I received a copy from Netgalley.

 

I love gothic horror mysteries and that premise was what attracted me to this book immediately. However, this book didn’t really fulfil my personal idea of a gothic horror mystery. That being said, the mystery aspect was really good and I really enjoyed the story.

 

It starts in 1966 and tells through news articles of a report granted a visit to a once grand house and the lady, Maud, who owns the property. The lady is a recluse and as a child witnessed the descent into madness of her father. No one really knew what happened (this was back in 1913) and the house seems to have remained in a similar state since. The reporter has been digging into the history of the father and the mystery surrounding the demise of a once prominent and respected man from a highly well to do family. There’s rumours of witchcraft and devil worship and all sorts of superstitious things.

 

The lady retells the story as she remembers it and her father growing up from when she was a small child to when she was a teenager and when the incident happens.  The story tells of Maud’s troubled adolescence - she’s an intelligent child who wants more out of life than what her station will allow. Her father is a tough man to please – a historian. As she grows up Maud eventually manages to convince her father to allow her to use his library also helping with his translation of an old text with a religious theme.

 

We see passages as well from the father’s notebook, detailing his inner thoughts as the situations occur, with Maud, with his research and a secret from his childhood which haunts him and is driving him to the brink of madness. There’s a definite religious overtone to the father’s inner journals, demons and sins and secrets and penance and so forth. Though it’s well handled without being overly dramatic and overly preachy.

 

Maud discovers her father’s journals and begins her own investigations. It’s really quite fascinating and once you get used to the style of writing hard to put down. I’m not recapping a lot of the plot as it would be very spoilery.
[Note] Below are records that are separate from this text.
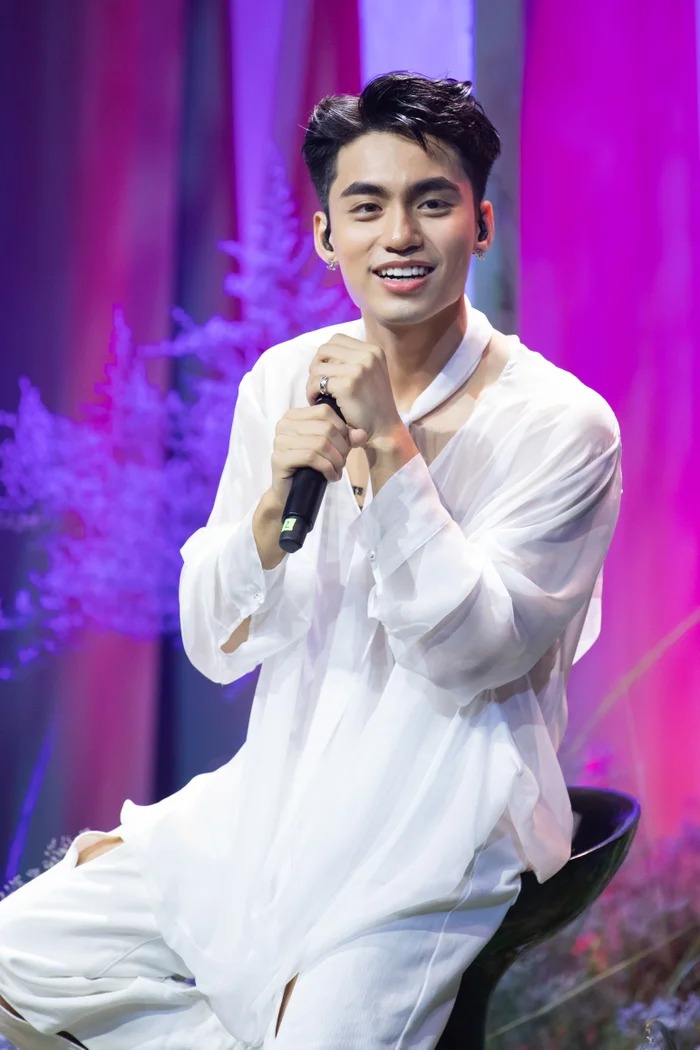 Hình ảnh MONO lúc mới debut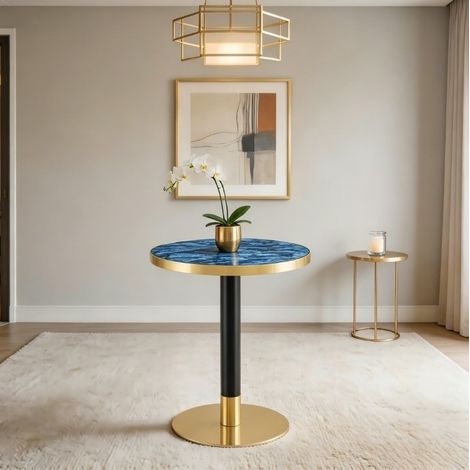 Mesa auxiliar redonda 60 cm efecto mármol azul, estructura de metal negro y dorado DESVIAE (1/5)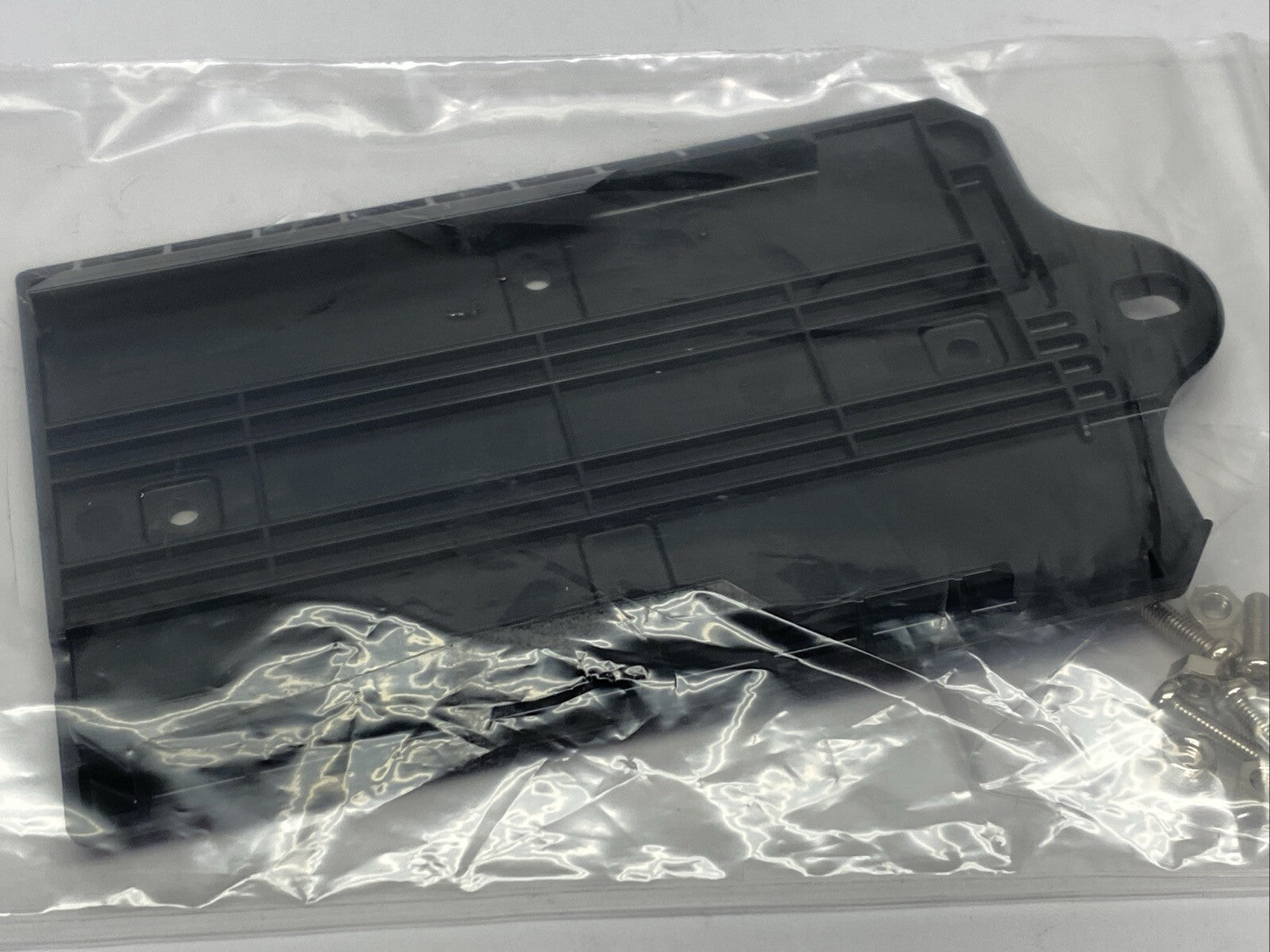 OP-88349 | Keyence Wall Mounting Adapter - New – Open Box - Maverick Industrial Sales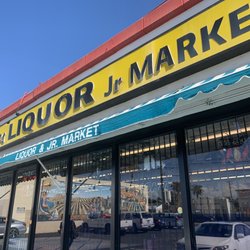 Beautiful store! Great location.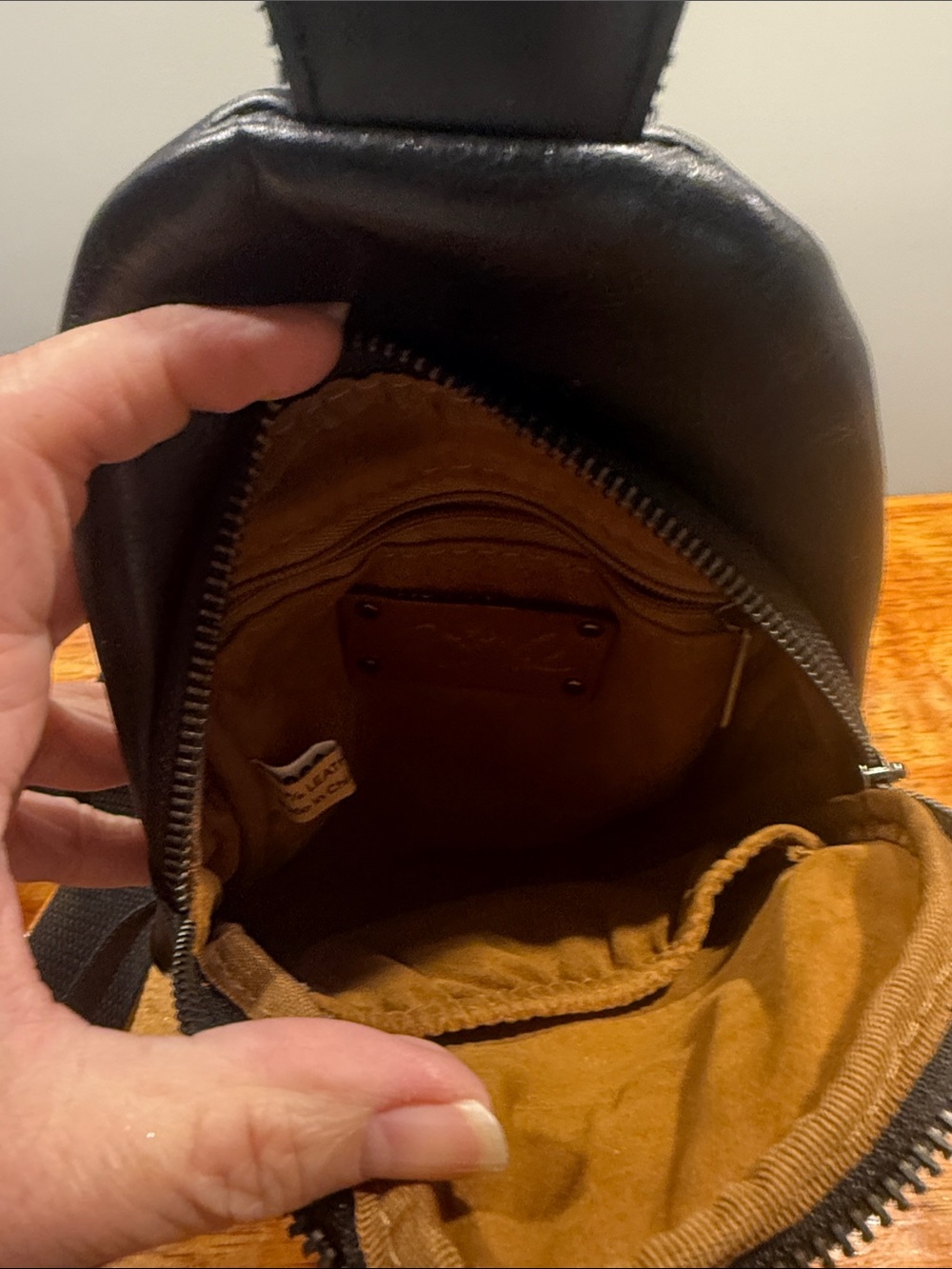 Patricia Nash Black Leather Sling Bag - Compact Crossbody - Picture 4 of 8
Maud was a really likeable heroine, strong willed and sensible, her voice was very easy to follow and as the novel evolves as a reader you really want her to succeed in her tasks.

 

There was nothing remotely scary or chilling about it so it didn’t hit the horror mark for me, but it was quite atmospheric.  The mystery was really good and it had a satisfying ending. I really enjoyed the book and would definitely read something by this author again.

 

 

Thanks to Netgalley and Head of Zeus for approving my request to view the title.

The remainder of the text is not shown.